Task instructions> Could you restate every entry word for word, leaving the pictures out?

Provided data>
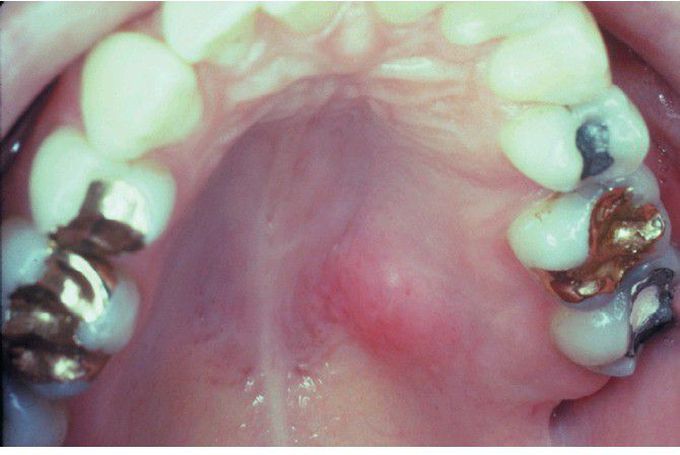 Necrotizing Sialometaplasia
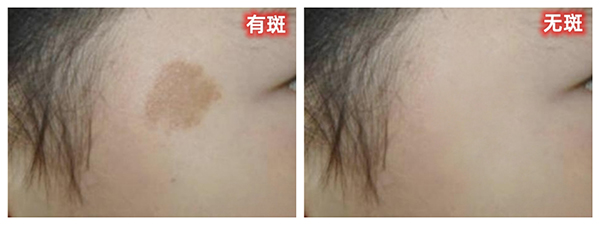 咖啡斑 - 副本.jpg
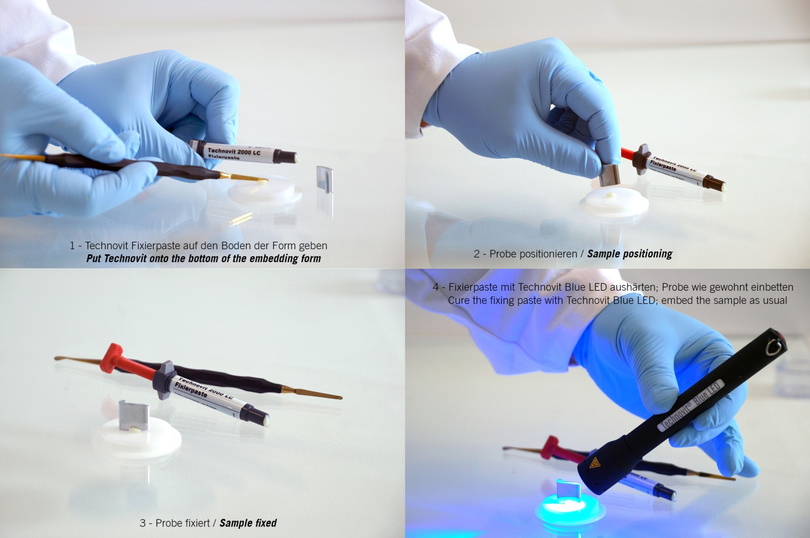 Práce se světlem vytvrzovanou hmotou Technovit 2000 LC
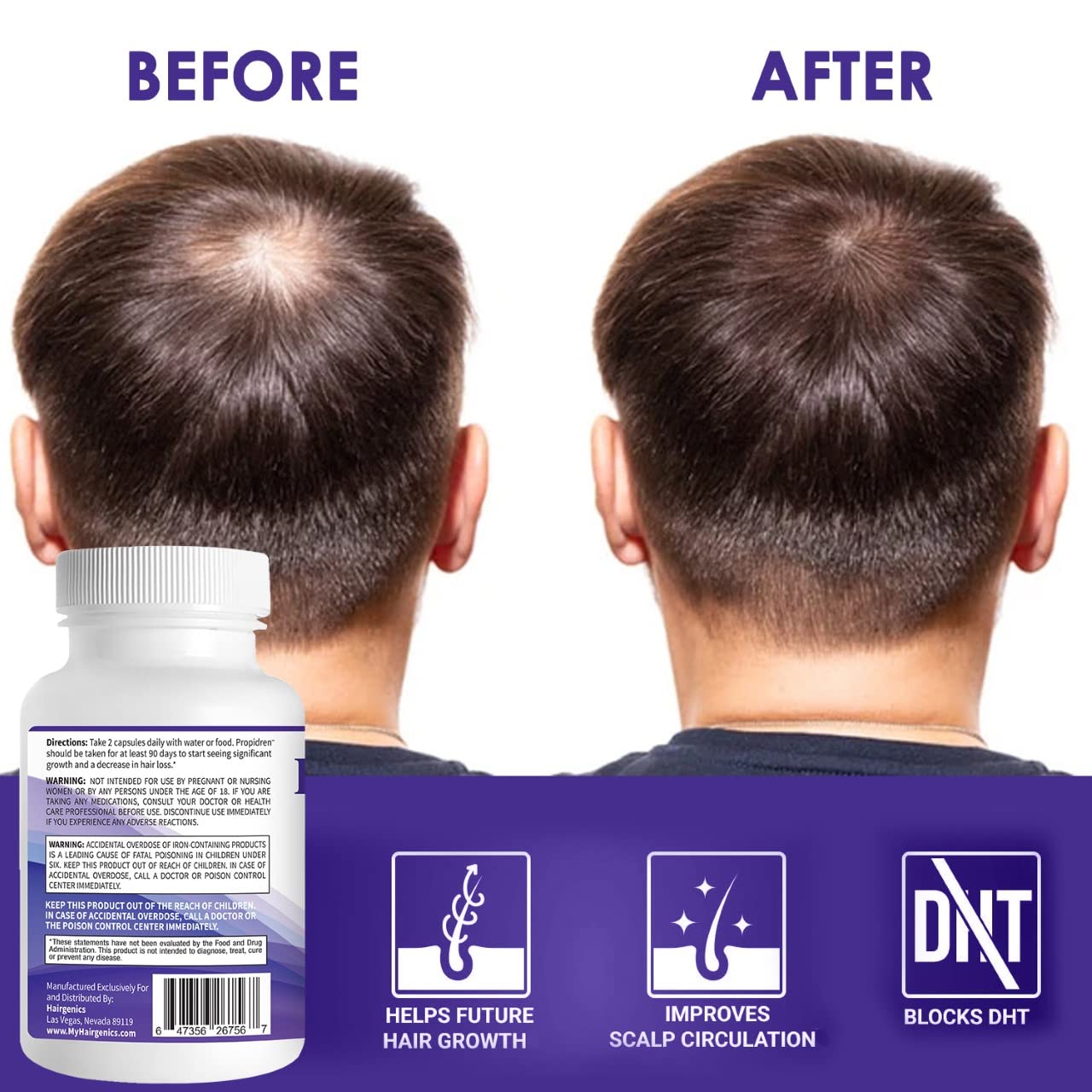 Propidren by HairGenics - DHT Blocker & Hair Growth 60 Capsules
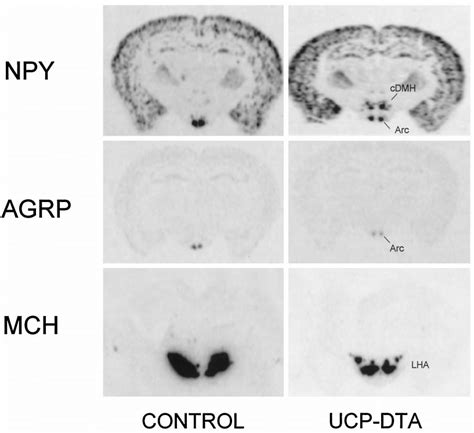 In Situ Hybridization To Npy Agrp And Mch Antisense Probes In Control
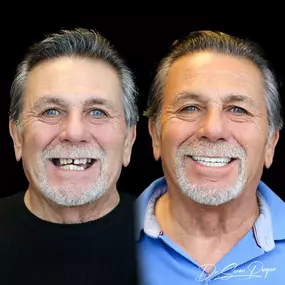 Bild von Smile Now Denver Dentures and Implants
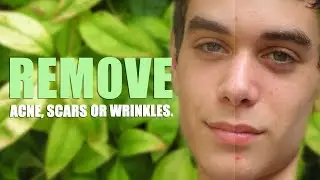 Remove Acne, Scars, or Wrinkles in Photoshop CC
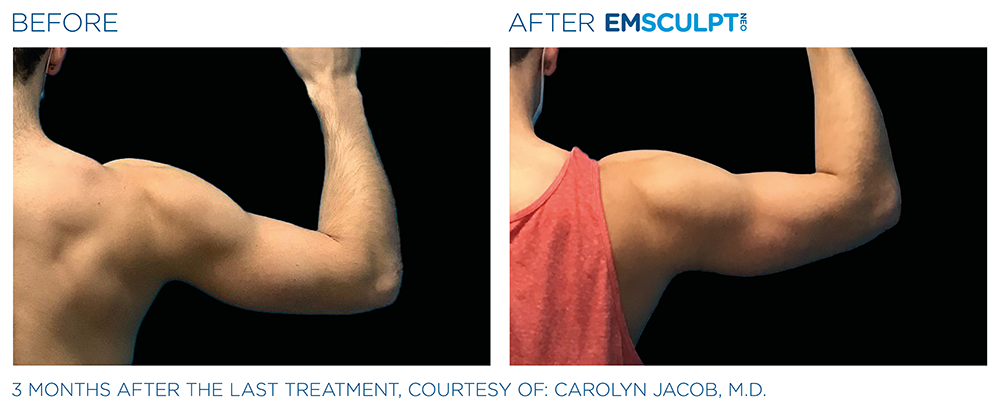 Emsculpt Neo Arms Before and After Treatment
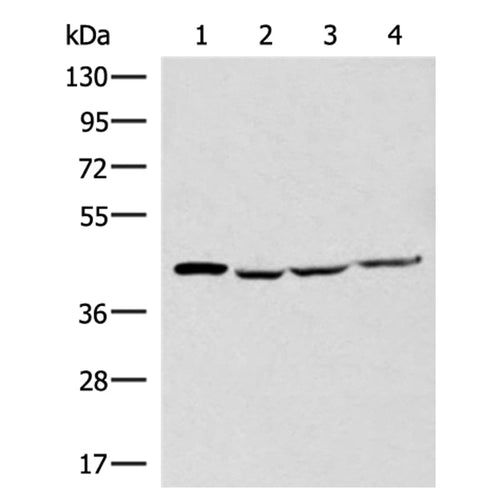 SLC16A7 rabbit polyclonal antibody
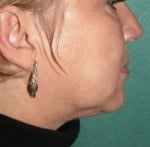 Mid Face Lift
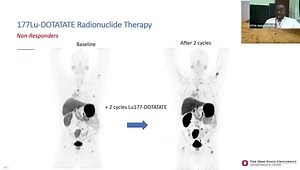 Theranostics: Successes and Challenges in Targeted Radiotherapy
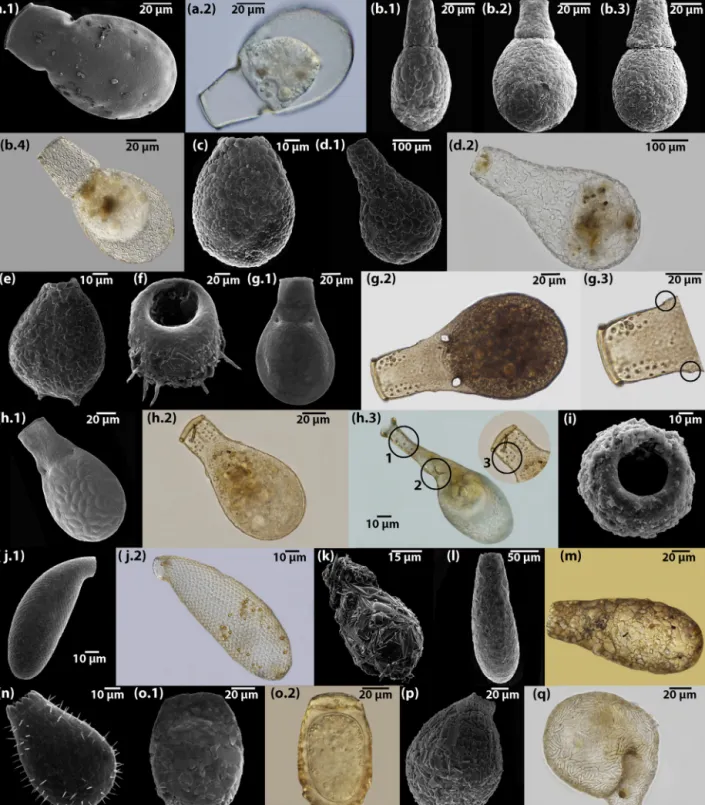 Fig. 6. Scanning electron microscopy and light micrographs of typical testate amoeba taxa found in Chile: (a) Alocodera cockayni (Penard, 1910): (a.1) from a peatland, TDF; and (a.2) living individual from a rainforest, SC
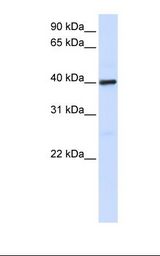 MOSC1 Antibody - Placenta lysate. Antibody concentration: 1.0 ug/ml. Gel concentration: 12%.  This image was taken for the unconjugated form of this product. Other forms have not been tested.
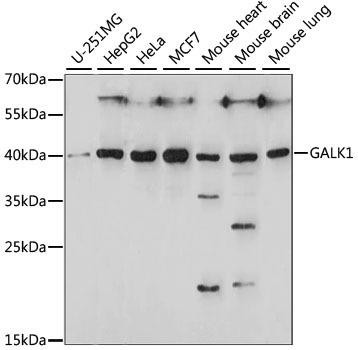 GALK1 Rabbit Polyclonal Antibody (CAB15274)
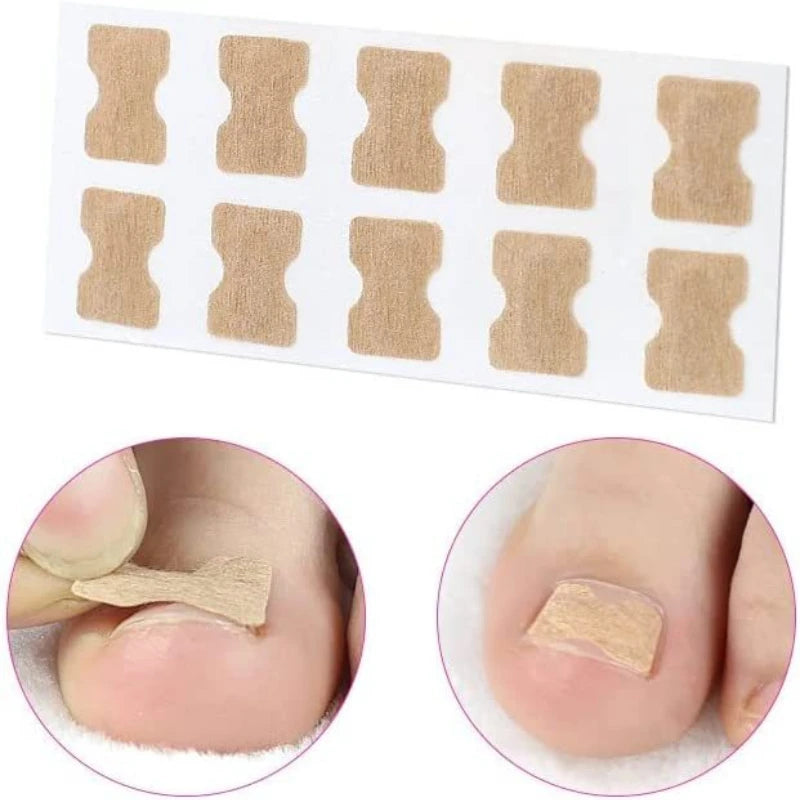 Correcteur Ongle Incarné — Redresseur et Clip de Soin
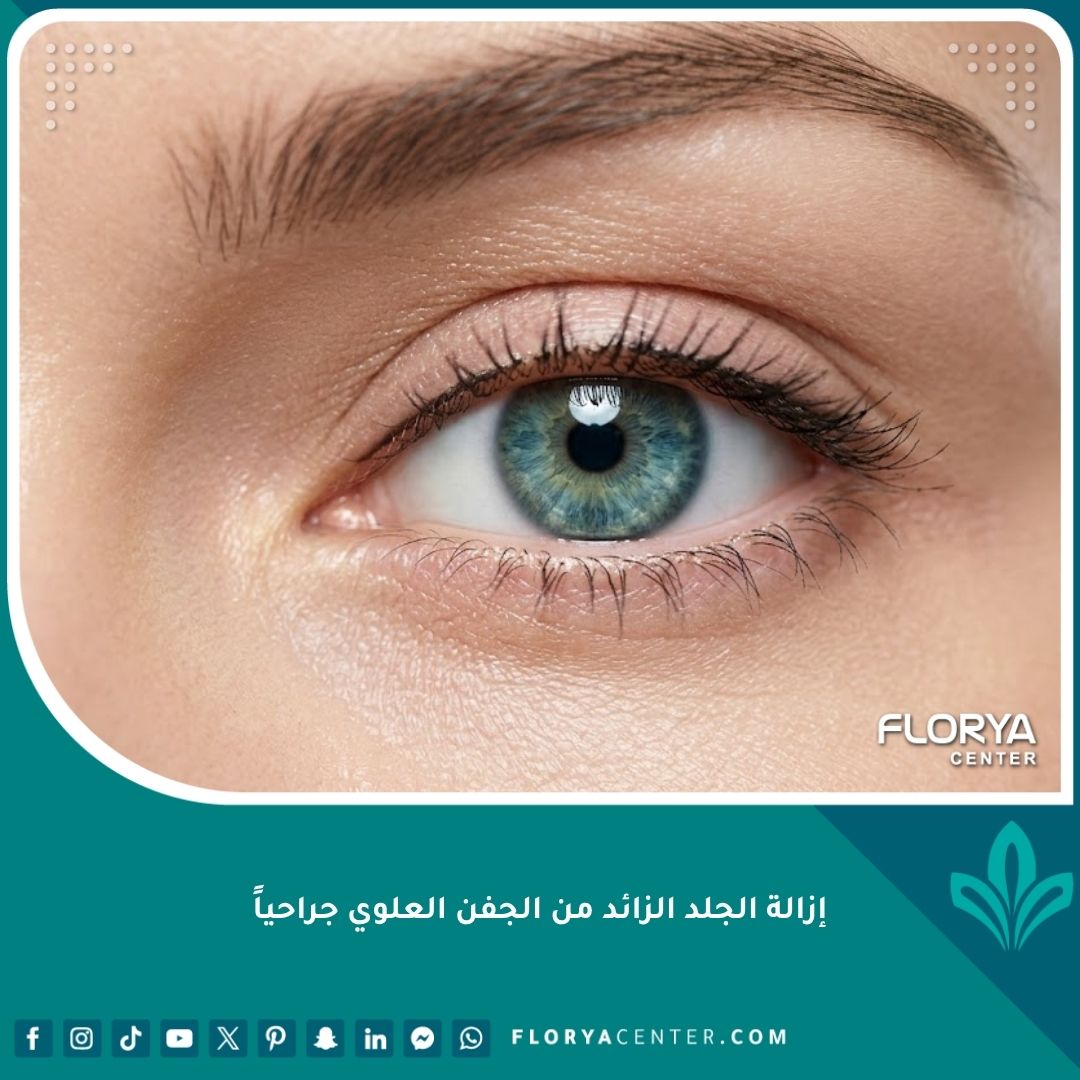 صورة مقربة لعين جذابة تظهر النتائج الطبيعية بعد إزالة الجلد الزائد من الجفن العلوي جراحياً لمظهر أكثر شباباً.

Result of the exercise>
 Necrotizing Sialometaplasia
 咖啡斑 - 副本.jpg
 Práce se světlem vytvrzovanou hmotou Technovit 2000 LC
 Propidren by HairGenics - DHT Blocker & Hair Growth 60 Capsules
 In Situ Hybridization To Npy Agrp And Mch Antisense Probes In Control
 Bild von Smile Now Denver Dentures and Implants
 Remove Acne, Scars, or Wrinkles in Photoshop CC
 Emsculpt Neo Arms Before and After Treatment
 SLC16A7 rabbit polyclonal antibody
 Mid Face Lift
 Theranostics: Successes and Challenges in Targeted Radiotherapy
 Fig. 6. Scanning electron microscopy and light micrographs of typical testate amoeba taxa found in Chile: (a) Alocodera cockayni (Penard, 1910): (a.1) from a peatland, TDF; and (a.2) living individual from a rainforest, SC
 MOSC1 Antibody - Placenta lysate. Antibody concentration: 1.0 ug/ml. Gel concentration: 12%.  This image was taken for the unconjugated form of this product. Other forms have not been tested.
 GALK1 Rabbit Polyclonal Antibody (CAB15274)
 Correcteur Ongle Incarné — Redresseur et Clip de Soin
 صورة مقربة لعين جذابة تظهر النتائج الطبيعية بعد إزالة الجلد الزائد من الجفن العلوي جراحياً لمظهر أكثر شباباً.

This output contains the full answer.